Orson Welles è stato non solo il regista geniale che tutti conosciamo, autore di un capolavoro assoluto come “Quarto Potere” e l'istrionico attore shakespeariano. E’ stato anche un grande appassionato di illusionismo fin da quando era piccolo, tanto da eleggere Harry Houdini suo primo maestro di magia. E’ stato il protagonista di un memorabile varietà magico per le truppe americane nel 1943 (il “Mercury Wonder Magic Show”) e amava esibirsi come mago, sia in televisione che sul grande schermo, in film come “Follow the Boys”, “Cagliostro”, “Magic Trick”,“F for Fake”. La sua ultima opera (incompiuta), a cui lavorava nei giorni precedenti alla sua morte, avvenuta nel 1985, era uno special televisivo intitolato proprio “Orson Welles’ Magic Show”.  Come testimonia  Silvan nel documentario, la personalità di Welles era tale da non fargli recitare la parte del mago, ma essere un mago per davvero. Come rivelato dal documentario, inoltre, proprio un gioco di prestidigitazione mostrato da Silvan al regista americano, verrà poi ripreso e citato al cinema da quest'ultimo.

Dopo il documentario Orson Welles, Silvan e la Magia italiana”, sarà proiettato il film “F for Fake”, di Welles, in versione restaurata, in 4K, a 45 anni dalla sua uscita. Presentato per la prima volta nel settembre ’73 al Festival del Cinema di San Sebastian, il film di Orson Welles, viene definito dallo stesso regista “la falsificazione di un documentario”.
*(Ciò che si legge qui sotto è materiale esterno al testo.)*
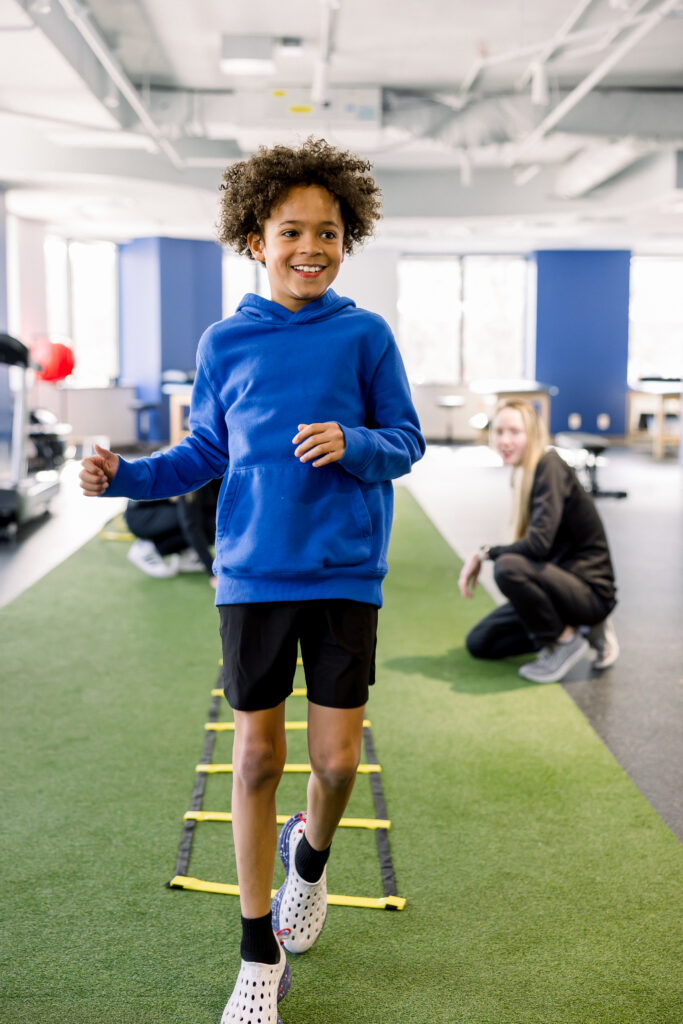pediatric physical therapy agility ladder child coordination training rehabilitation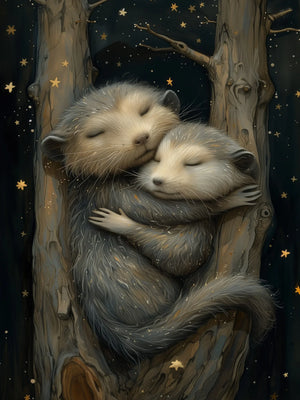 Unframed Canvas Wall Art Decor Cuddling Animals Print Poster For Living Room Bedroom Home Decoration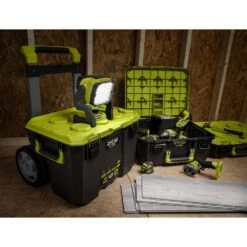 Ryobi ONE+ 18V Lithium-Ion 4.0 Ah Compact Battery (2-Pack) And Charger Kit With ONE+ Hybrid LED Work Light -RYOBI TOOLS SALE ryobi jobsite lighting psk006 pcl633b fa 1000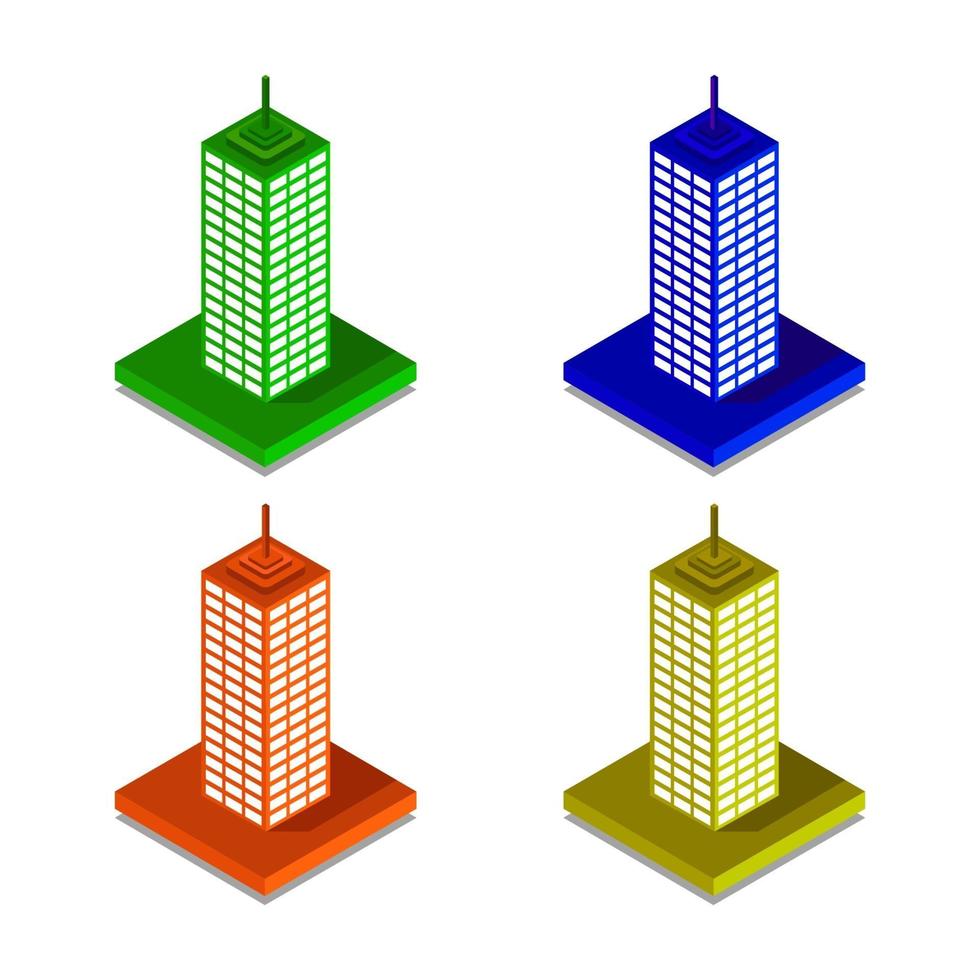 conjunto de rascacielos isométrico sobre fondo blanco vector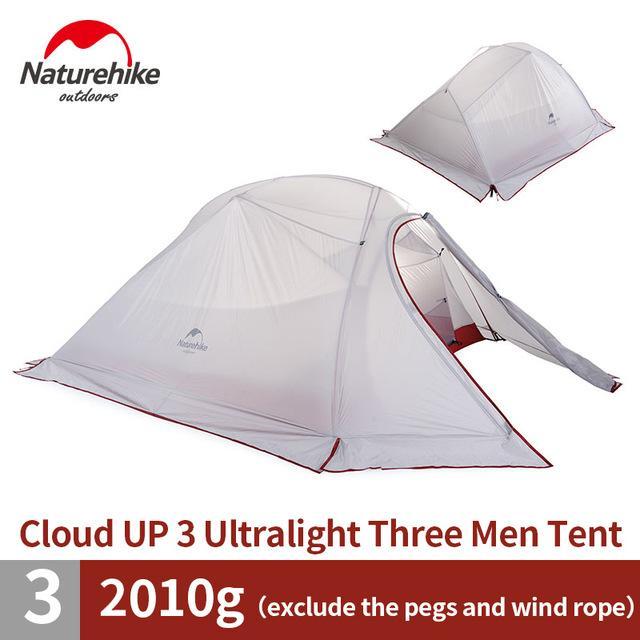 Naturehike Outdoor Tent 3 Person 210T/ 20D Silicone Fabric Double-Layer-Naturehike Speciality Store-UP3 white silicone B-Bargain Bait Box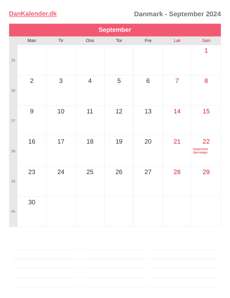 Kalender 2024 September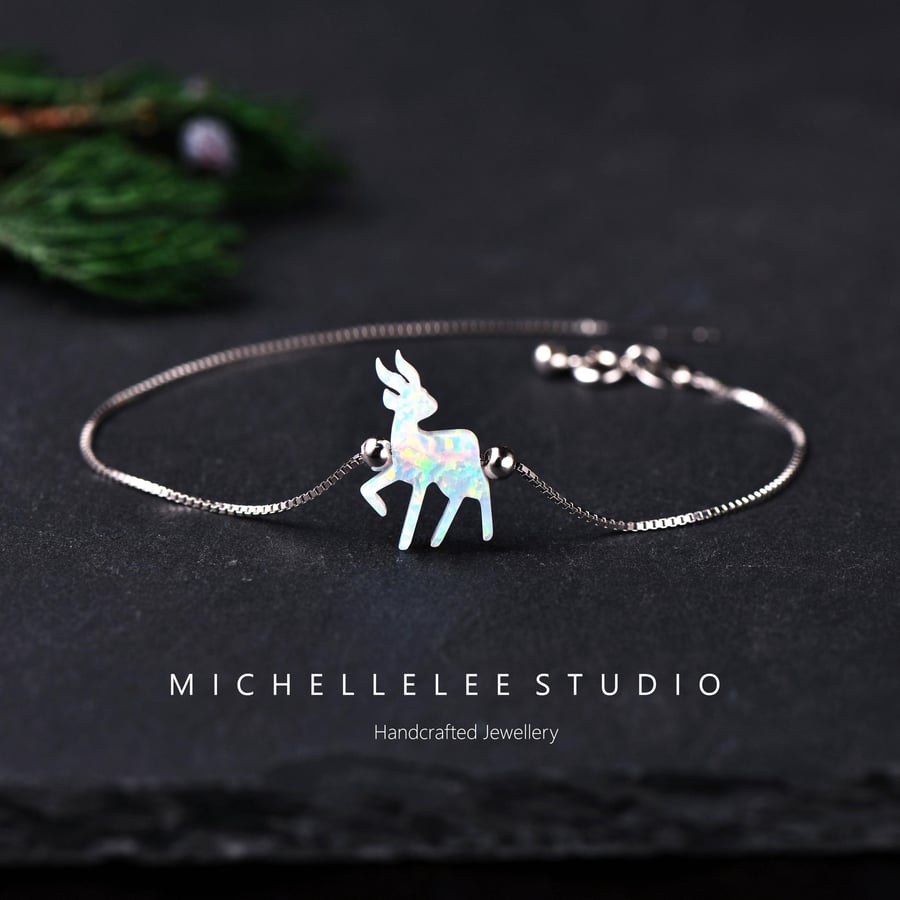 Opal Gazelle Bracelet With 925 Sterling Silver Chain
Ripercorrendo le vicende di Elmyr de Hory, sorprendente falsario d’arte (molti suoi finti Modigliani sono custoditi in vari e importanti musei del mondo), e di Clifford Irving, autore della biografia contraffatta sul miliardario Howard Hughes, Welles si autocelebra come grande truffatore della comunicazione massmediologica.
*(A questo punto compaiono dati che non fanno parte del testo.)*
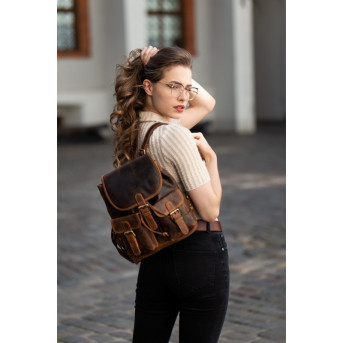 ZESTAW PREZENTOWY DLA NIEJ ZUP-100-BR PLECAK SKÓRZANY T-16-BR PORTFEL SKÓRZANY T-11-BR I BRELOK DO KLUCZY T-87-HBR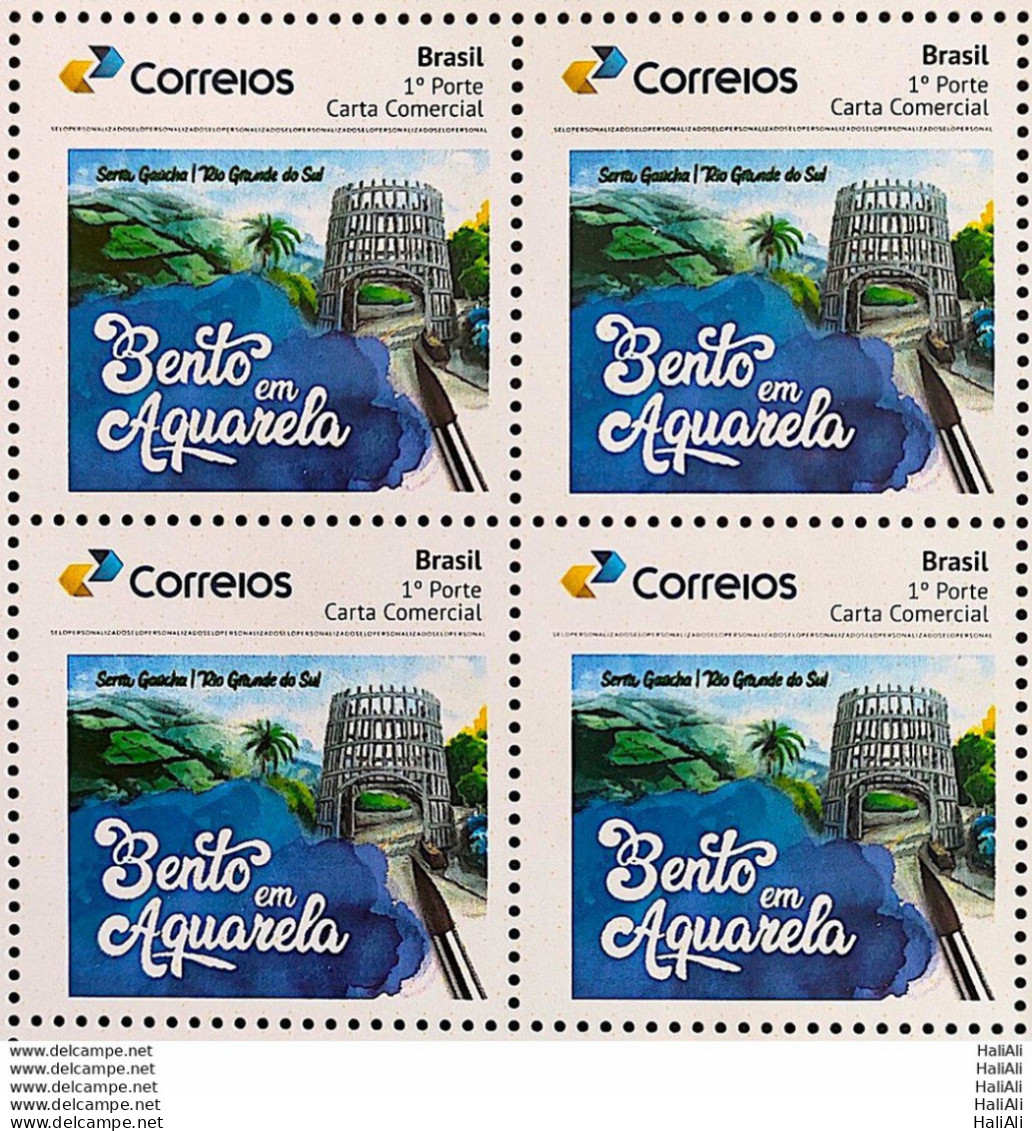 PB 169 Brazil Personalized Stamp Bento In Watercolor Serra Gaucha 2020 Block Of 4 - Personnalisés
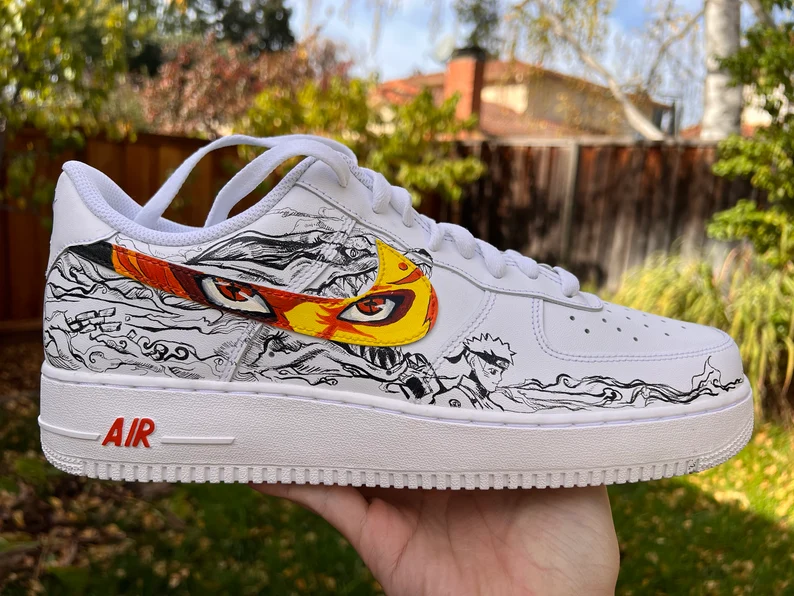 Orange Yellow Anime - Themed Custom Air Force 1-shecustomize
Interrogandosi su cosa sia la verità nell'arte e nella vita, Welles pone una serie di interrogativi e riflessioni anche sull'estetica e sul valore dei critici d'arte, che molte volte incensano e fanno aumentare il valore economico di quadri falsi, scambiandoli per veri.

Ad intervenire alla serata Orson Welles: tra Cinema e Magia, di domenica 8 aprile, oltre a Valeria E. Russo, ci saranno Marco  Fida,  formatore e cultore della magia nelle sue diverse accezioni; e Alfonso Venturini,  storico e storico del cinema, autore di saggi e articoli inerenti il rapporto fra cinema e storia. Nel 2015 Venturini ha pubblicato, per Carocci editore, la monografia 'La politica cinematografica del fascismo'. L'autore è inoltre un appassionato del tema del falso nel cinema di Welles e nell’Arte.